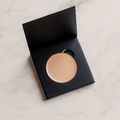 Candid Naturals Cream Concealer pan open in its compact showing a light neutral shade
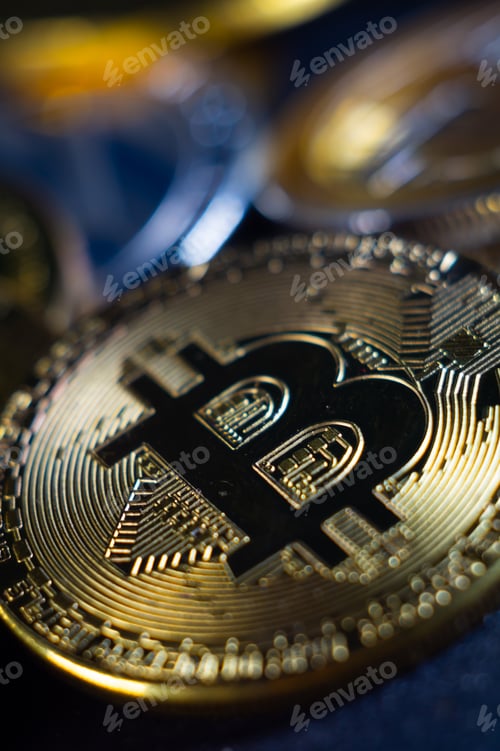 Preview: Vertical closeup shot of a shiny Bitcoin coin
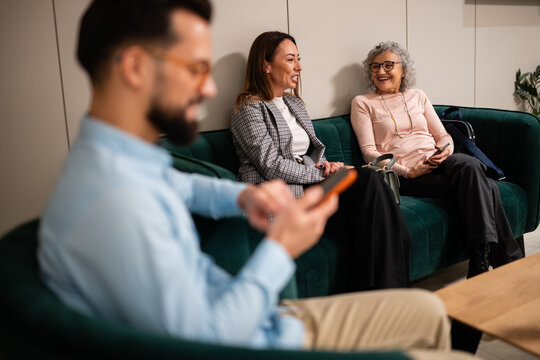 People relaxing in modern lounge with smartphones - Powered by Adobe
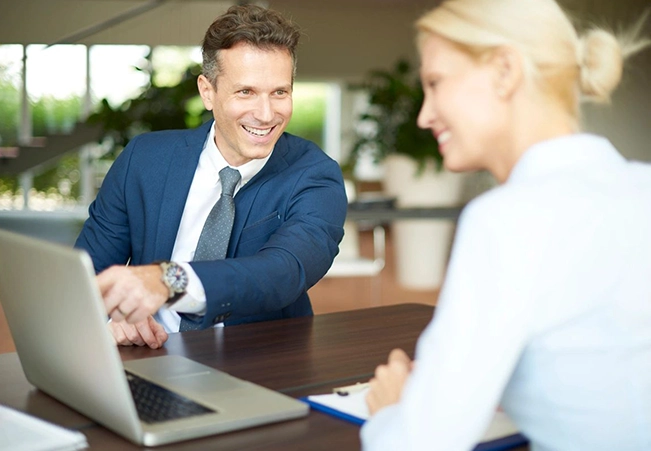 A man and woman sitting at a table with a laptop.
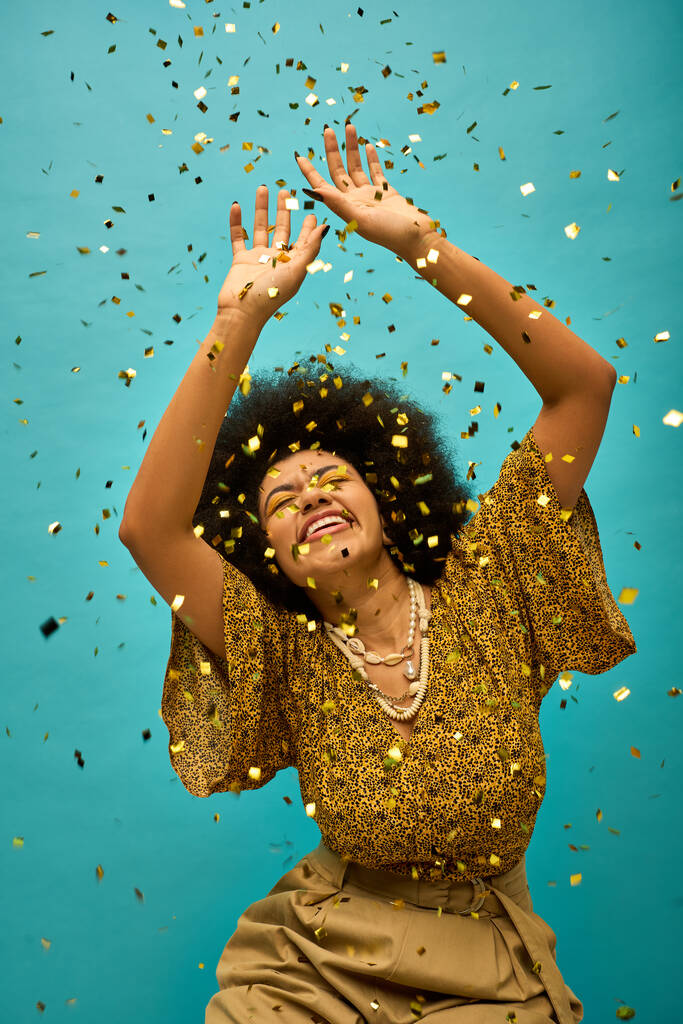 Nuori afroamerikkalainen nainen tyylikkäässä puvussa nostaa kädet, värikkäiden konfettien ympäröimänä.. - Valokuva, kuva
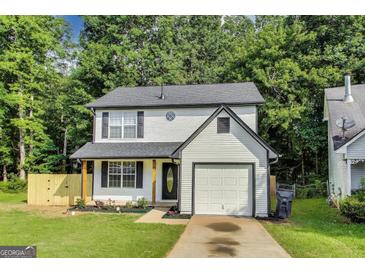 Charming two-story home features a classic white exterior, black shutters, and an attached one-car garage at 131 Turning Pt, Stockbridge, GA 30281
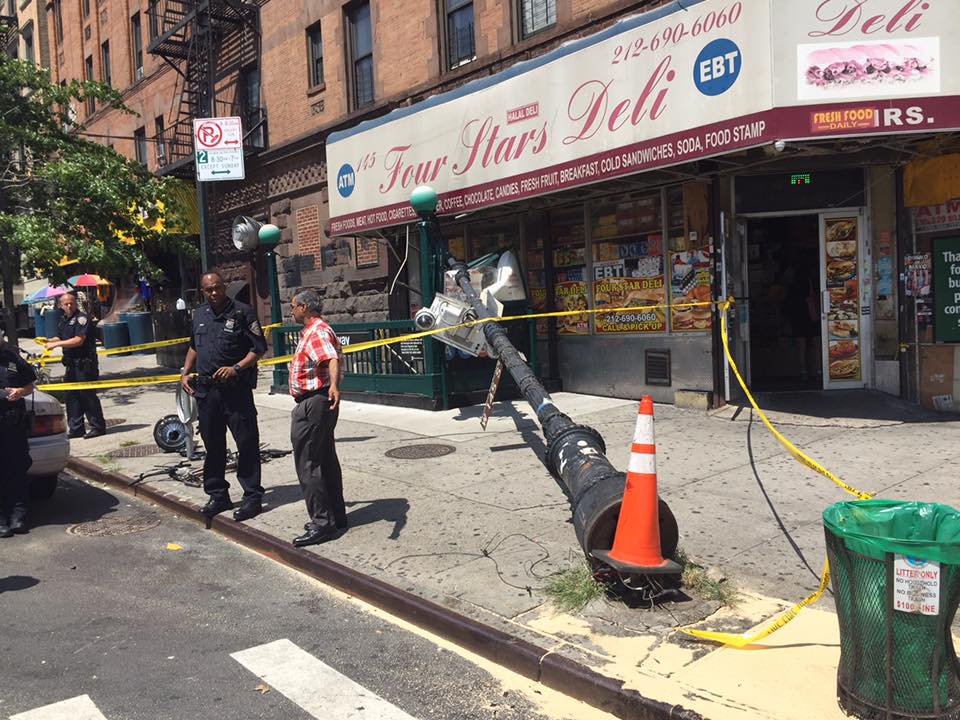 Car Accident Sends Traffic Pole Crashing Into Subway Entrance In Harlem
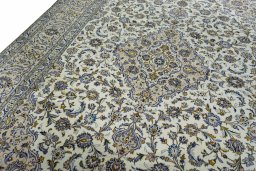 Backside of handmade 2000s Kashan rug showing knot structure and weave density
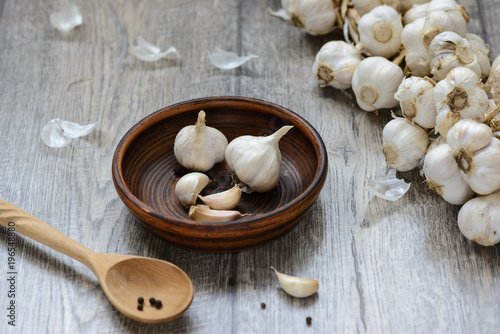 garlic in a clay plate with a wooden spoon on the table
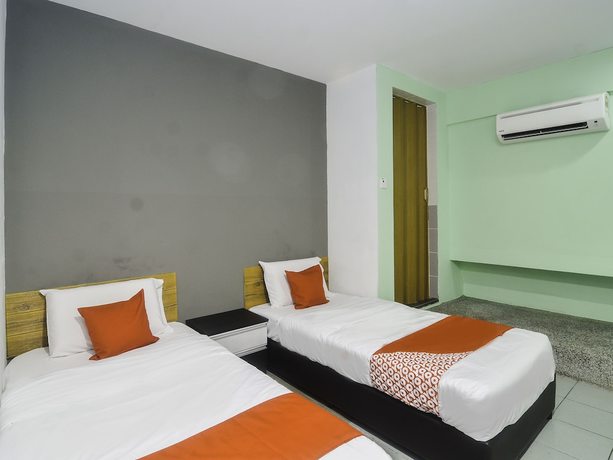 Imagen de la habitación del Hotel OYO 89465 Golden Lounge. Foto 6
______________________________
Each entry above is to be written out exactly. The pictures stay out.

 Candid Naturals Cream Concealer pan open in its compact showing a light neutral shade
 Preview: Vertical closeup shot of a shiny Bitcoin coin
 People relaxing in modern lounge with smartphones - Powered by Adobe
 A man and woman sitting at a table with a laptop.
 Nuori afroamerikkalainen nainen tyylikkäässä puvussa nostaa kädet, värikkäiden konfettien ympäröimänä.. - Valokuva, kuva
 Charming two-story home features a classic white exterior, black shutters, and an attached one-car garage at 131 Turning Pt, Stockbridge, GA 30281
 Car Accident Sends Traffic Pole Crashing Into Subway Entrance In Harlem
 Backside of handmade 2000s Kashan rug showing knot structure and weave density
 garlic in a clay plate with a wooden spoon on the table
 Imagen de la habitación del Hotel OYO 89465 Golden Lounge. Foto 6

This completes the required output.